### Instructions to follow:
All the lines below need to be transcribed exactly. Pictures get left out.

### Available data:
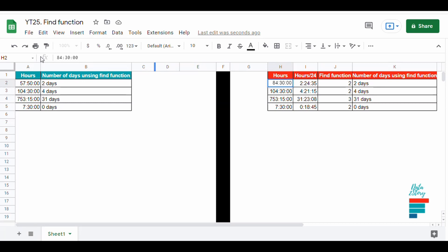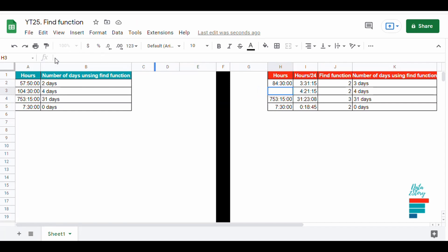Note that the FIND function starts from the left and tells the position of the character that we are looking for. However, we could start counting from a different position by writing down at the end of the function the number that we want to start counting from.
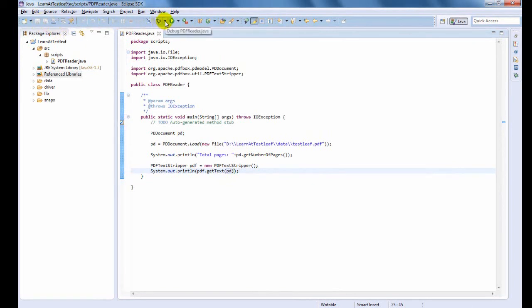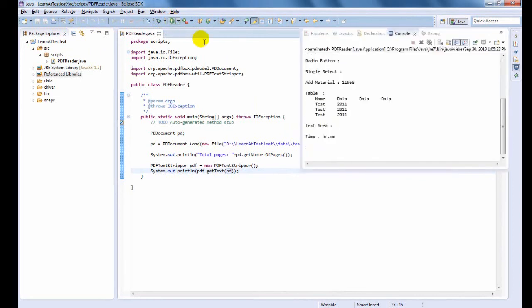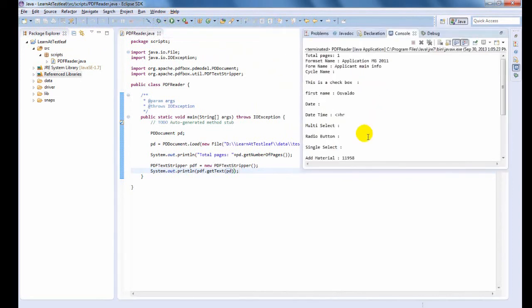Time to run the code and see the result. There you can see the PDF text in the console.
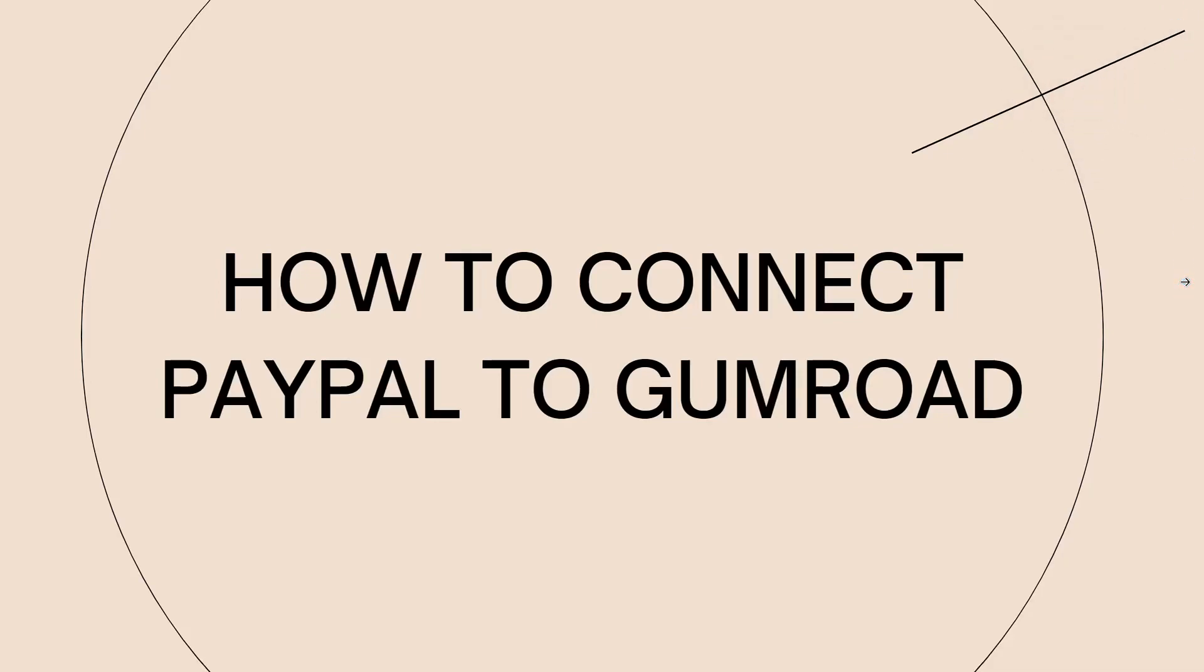Welcome! So in this tutorial, I'm going to show you how to connect PayPal to Gumroad. If you want to know how I did it, just keep on watching.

### Answer section:
Note that the FIND function starts from the left and tells the position of the character that we are looking for. However, we could start counting from a different position by writing down at the end of the function the number that we want to start counting from.
Time to run the code and see the result. There you can see the PDF text in the console.
Welcome! So in this tutorial, I'm going to show you how to connect PayPal to Gumroad. If you want to know how I did it, just keep on watching.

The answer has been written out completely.